In 2004, Martin Charnin directed the World Premiere of the revised version of Two by Two at the Cumberland County Playhouse in Crossville, Tennessee. In creating the new version of Two by Two, Charnin stated that "I'm going to restore a concept that I had that was originally negated by Danny Kaye" The cast included Ruthie Ann Miles as Leah, Holly O'Brien as Goldie and Alan Baker as Noah.

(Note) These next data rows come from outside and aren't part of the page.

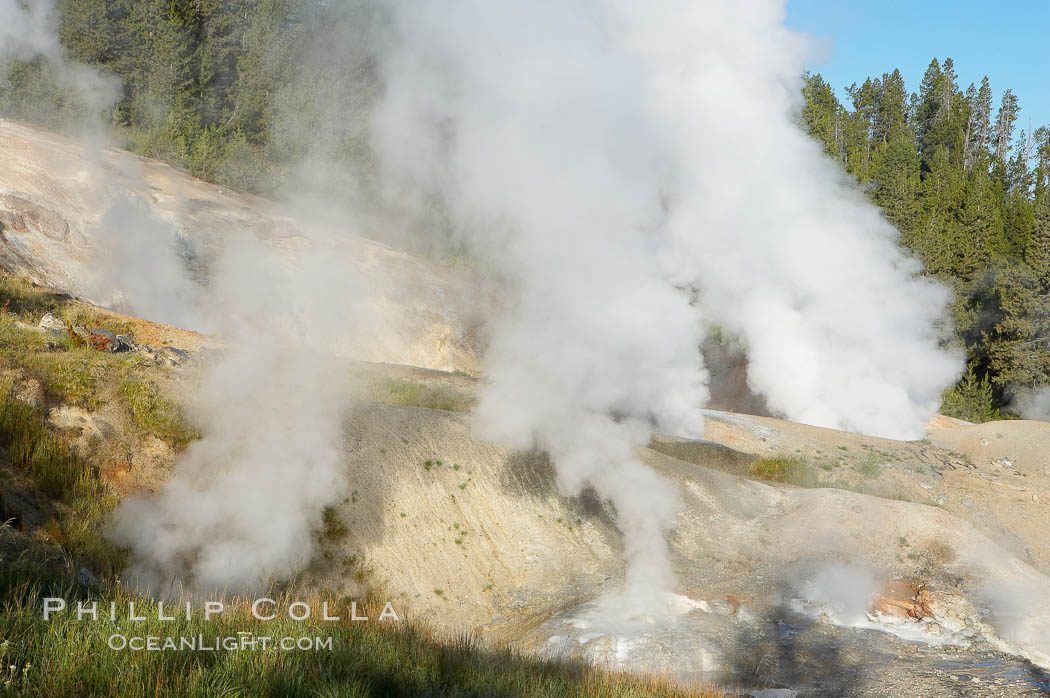 Ledge Geyser, vents releasing steam, in the Porcelain Basin area of Norris Geyser Basin, Yellowstone National Park, Wyoming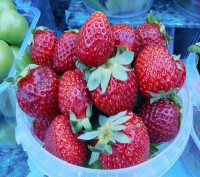 Клубника очень вкусная (Белоруссия) 1кг
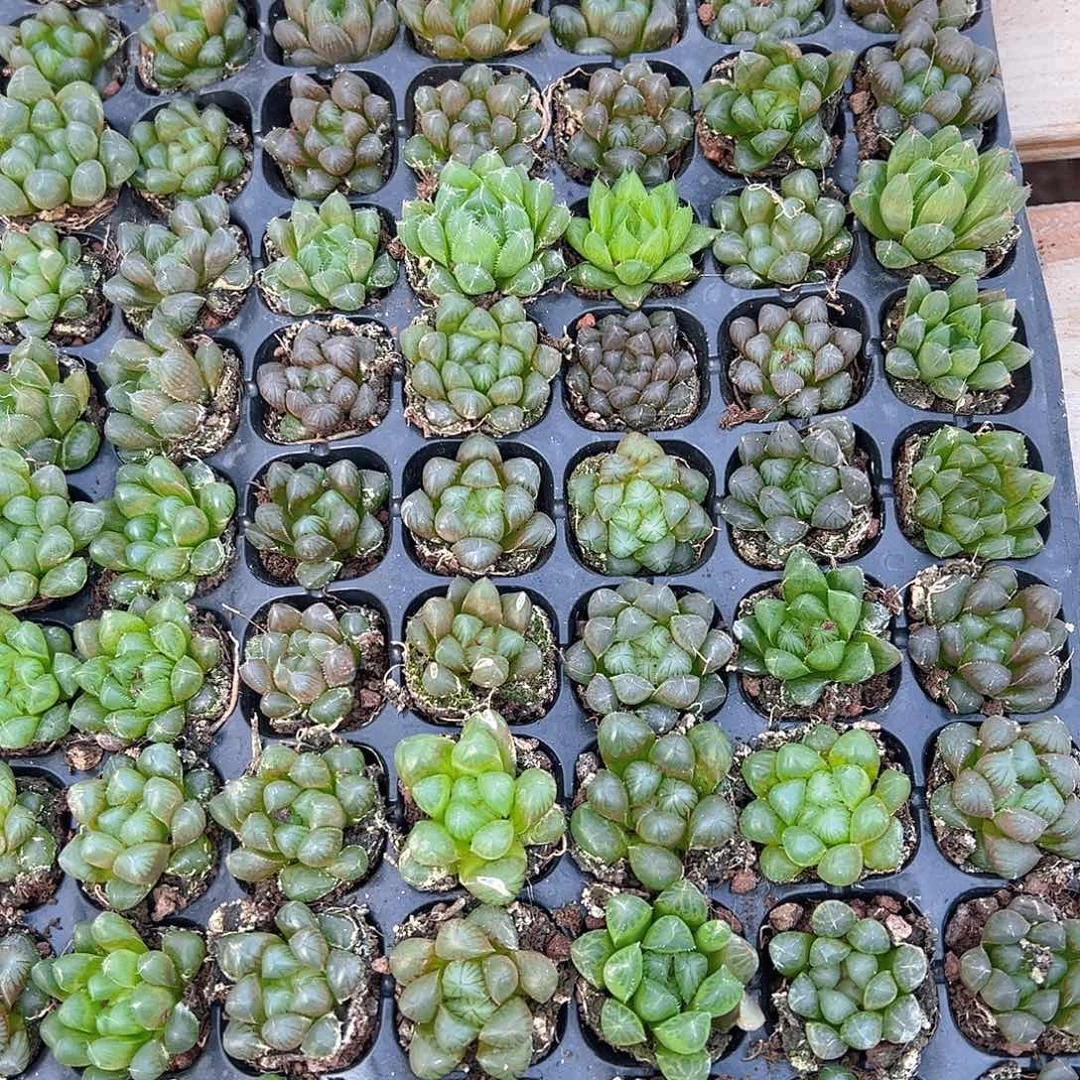 105孔玉露15颗带穴盘量拍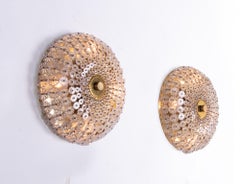 Set di 2 lampade da incasso e da parete in stile Emil Stejnar con vetro floreale e ottone 1950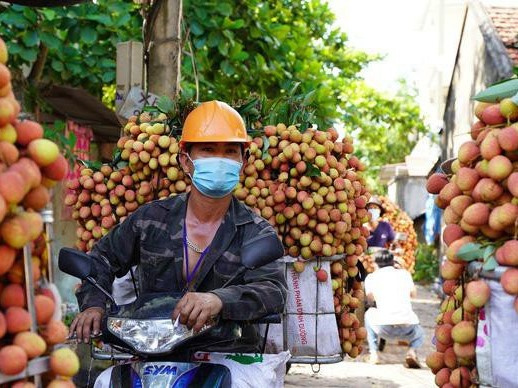 Ưu tiên tiêm vắc xin cho các lái xe, thương lái thu mua nông sản
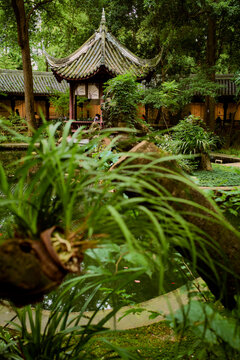 Traditional pagoda surrounded by lush greenery and a serene pond in a tranquil garden. Chengdu, Sichuan, China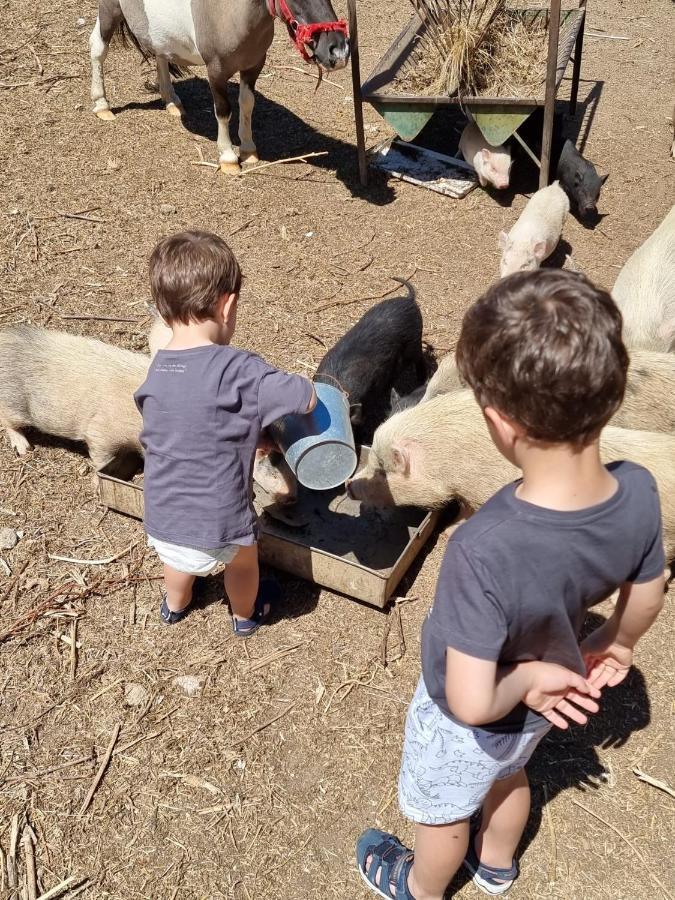 Arca Dos Animais - Farming & Spa Castelo Branco  Eksteriør bilde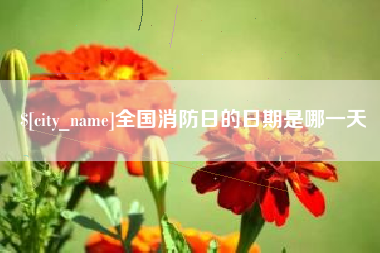 新昌全国消防日的日期是哪一天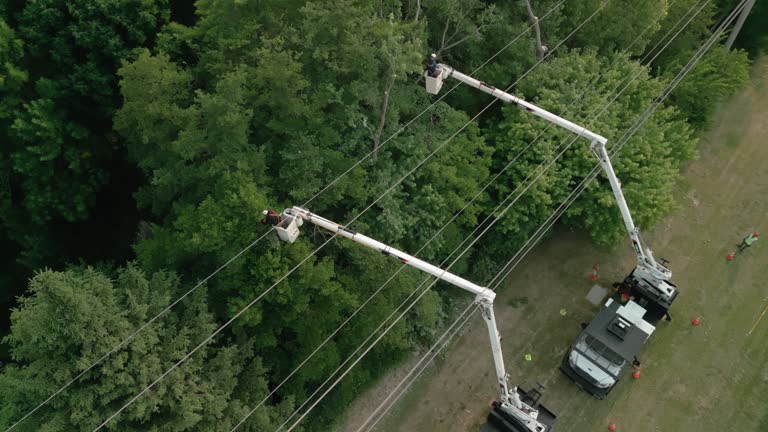 Best Tree Risk Assessment  in Black Diamond, FL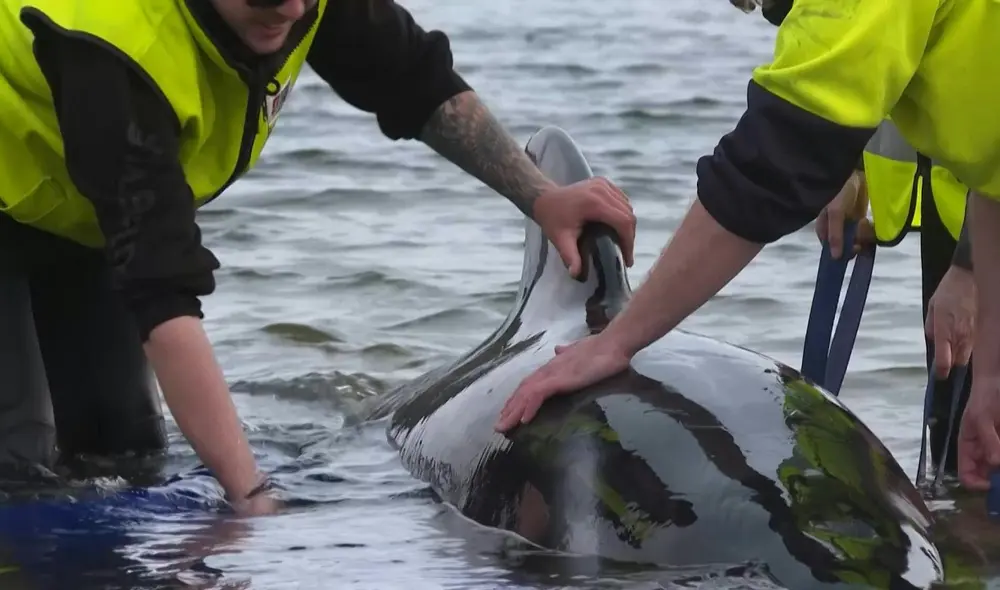 Alrededor de 200 ballenas piloto mueren en una playa australiana. Foto y video: AFP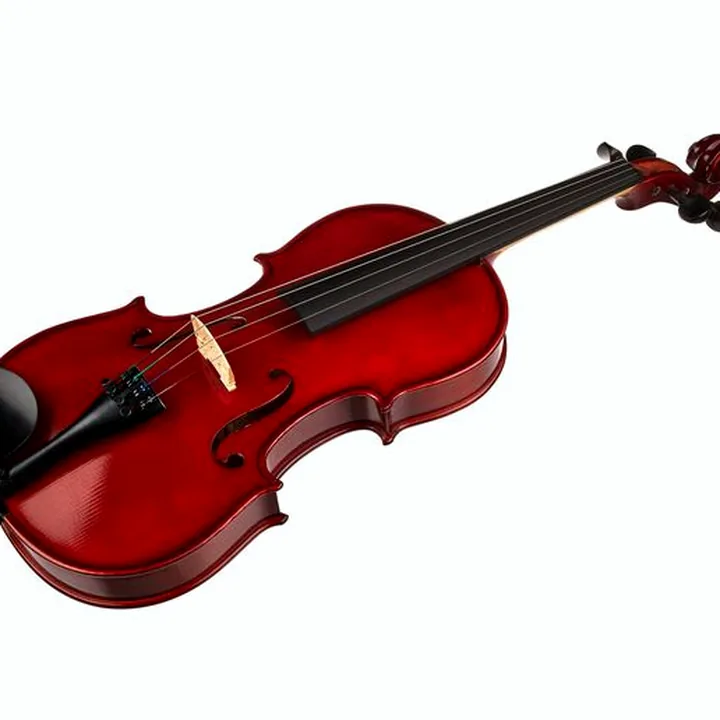 Violon Hamaril Violin Set 1A 4/4 : Test, Avis et Comparatif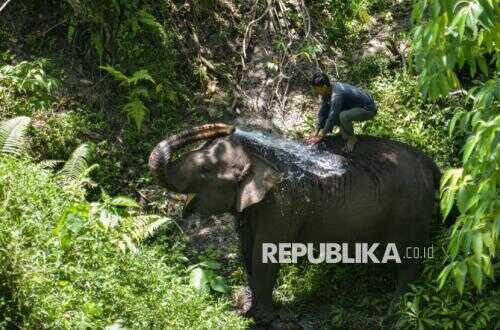 Domesticated Elephants in Bener Meriah Struggle to Access Drinking Water Following Landslide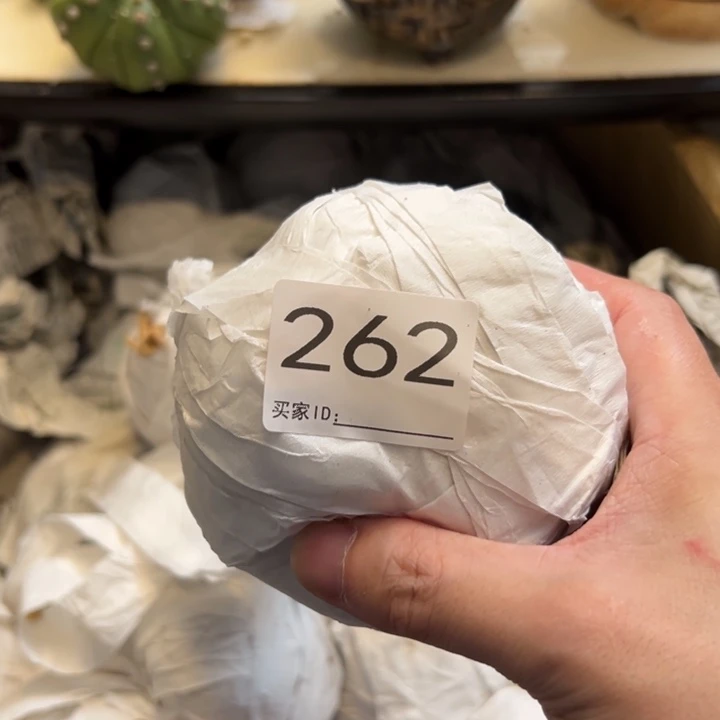 龘***龘兜星球仙人球262号球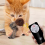 Jouet interactif pour chat télécommandé, oiseau volant aux ailes battantes 4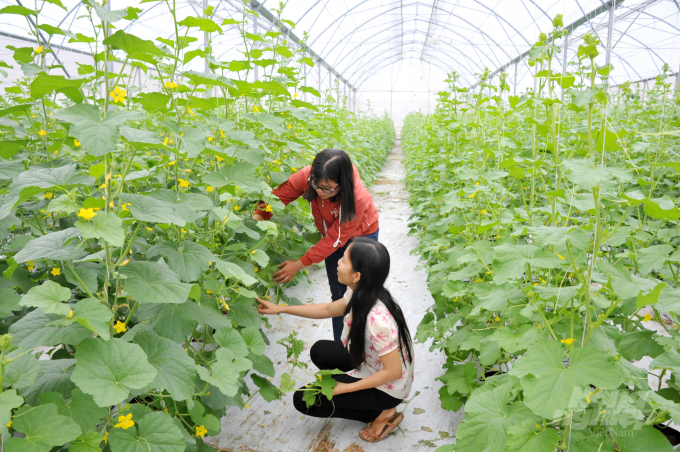 The agricultural sector in the Mekong Delta is gradually developing following an organic direction. Photo: Le Hoang Vu.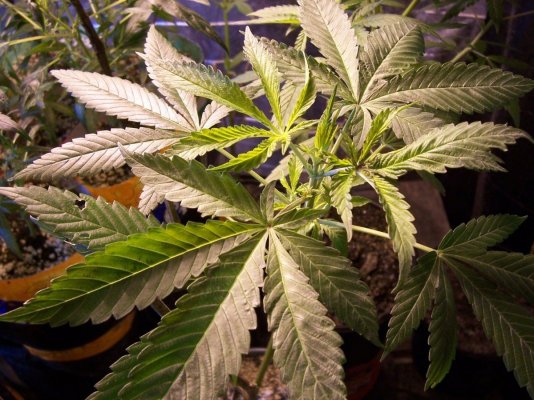 Haze seed grow log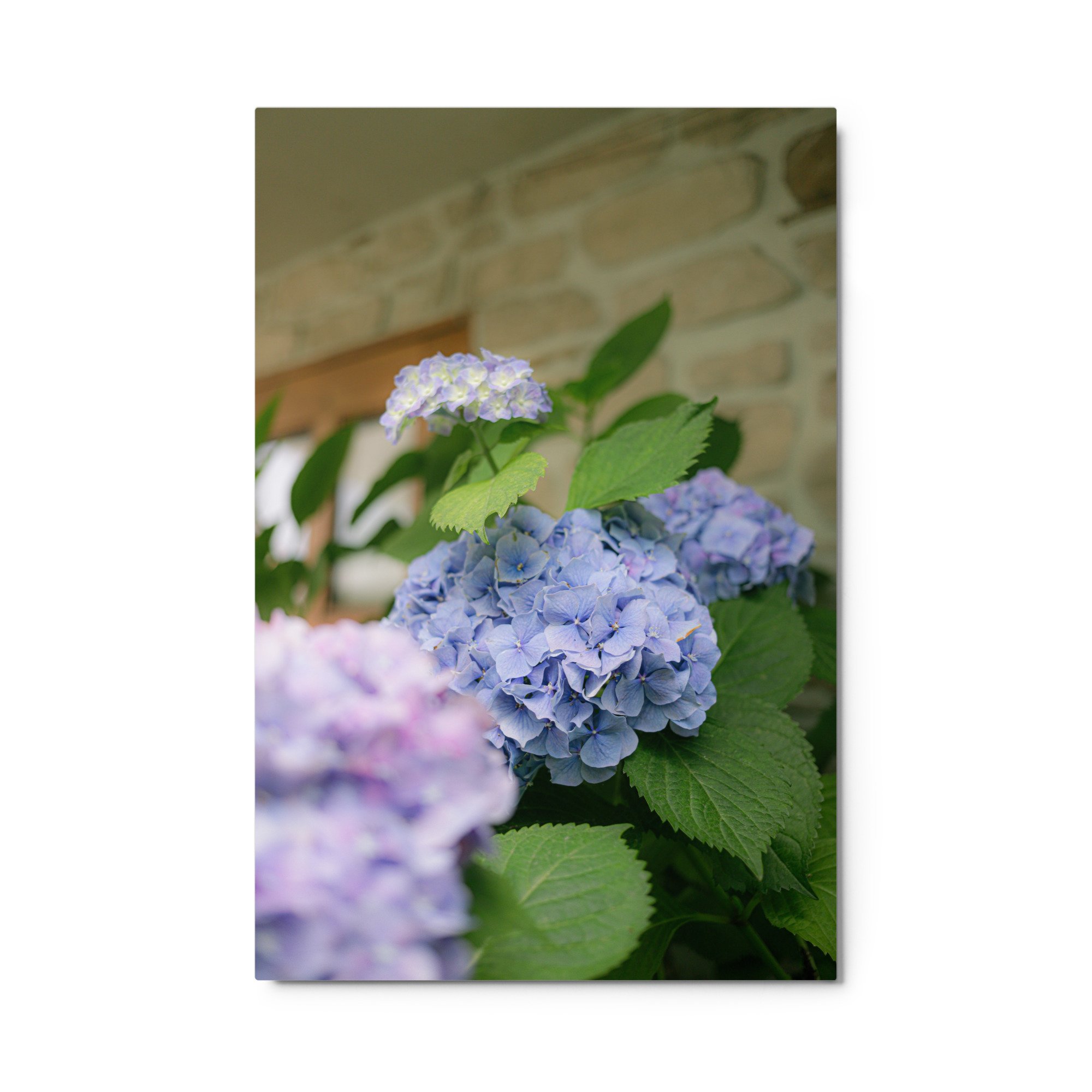 glossy-metal-print-(in)-white-24x36-front-64d47a357e18d.jpg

In 2021, Walter Willison (the original Japheth) directed the show's semi-centennial, Two By Two: The 50th Anniversary Virtual Concert, which starred Willison as Noah, and Karen Ziemba as Esther. The show premiered on New Year's Day and benefited The Actors Fund. The show also starred Nikita Burshteyn as Japheth, Frank Calamaro as Shem, Marcy DeGonge Manfredi as Leah, N’Kenge as Goldie, Michael Notardonato as Ham, Sophia Tzougros as Rachel, and was hosted by Ted Chapin, president of Rodgers and Hammerstein.

==Awards==
Kaye's lack of professionalism and Rodgers' public grousing about the liberties he took with the script allegedly ruined Kaye's chances for a Tony Award nomination. Willison was nominated for a Tony Award for Best Featured Actor in a Musical, and he and O'Neil received Theatre World Awards for their performances.

==Plot synopsis==
On his 600th birthday, Noah receives a message from God, warning him about the impending flood. He is directed to save two of each animal and to build an ark for them. Noah's wife and family have their doubts and even make fun of him as he plans to build the ark, but join in when the animals start to appear en masse. "The story dealt with Noah and the flood, and though written in 1954, covered such contemporary themes as the generation gap and ecology," Rodgers wrote. "There was even a parallel between the flood and the atom bomb."
- The gitka
The "gitka" is a magical Old Testament species of rodent, created by Clifford Odets, that sings in the presence of God. The arrival of one convinces the family of Noah's story. It has no mate so they are unable to bring her aboard.

==Songs==

- Act I
- Why Me?
- Put Him Away
- The Gitka's Song
- Something, Somewhere
- You Have Got to Have a Rudder on the Ark
- Something Doesn't Happen
- An Old Man
- Ninety Again!
- Two by Two
- I Do Not Know a Day I Did Not Love You
- Something, Somewhere (Reprise)

- Act II
- When It Dries
- Two by Two (Reprise)
- You
- The Golden Ram
- Poppa Knows Best
- I Do Not Know a Day I Did Not Love You (Reprise)
- As Far as I'm Concerned
- Hey, Girlie
- The Covenant

The songs "Everything That's Gonna Be Has Been," "Getting Married to a Person," "The Brother Department," "The Death of Me" and "Forty Nights" were cut from the show prior to its Broadway opening; the latter song was cut because Danny Kaye decreed that no one in the show would have a funnier song than he. The song has been restored to many recent revivals.